Inefficient loss calculation in cached losses

Question

Inefficient loss calculation in cached losses

Marcel256 opened this issue 24 days ago · 2 comments

Hello, during my tests I discovered a problem with my PR to enable the combination of the Matryoshka loss and the cached losses (#3068 ). I moved the loss.backward() call out of the minibatch loop. Therefore, the function produces one big computation graph containing the loss calculation of all mini batches, which defeats the purpose of doing this computation in mini-batches. This drastically increases the memory consumption and can easily lead to out of memory errors. I am already working on a fix for this issue.

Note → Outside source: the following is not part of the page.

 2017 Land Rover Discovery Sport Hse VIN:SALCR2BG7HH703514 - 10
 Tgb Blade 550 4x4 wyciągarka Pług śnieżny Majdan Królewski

I am sorry for any inconvenience this will cause.

Answer 1 · 2024-12-02T14:04:46.000Z

Well spotted, thank you @Marcel256. I didn't see this when I was reviewing, I thought the removed section in calculate_loss_and_cache_gradients was identical to the section in calculate_loss. Perhaps we can add a parameter to calculate_loss whether the backward should be called in minibatch or not, although I'll gladly await your fix.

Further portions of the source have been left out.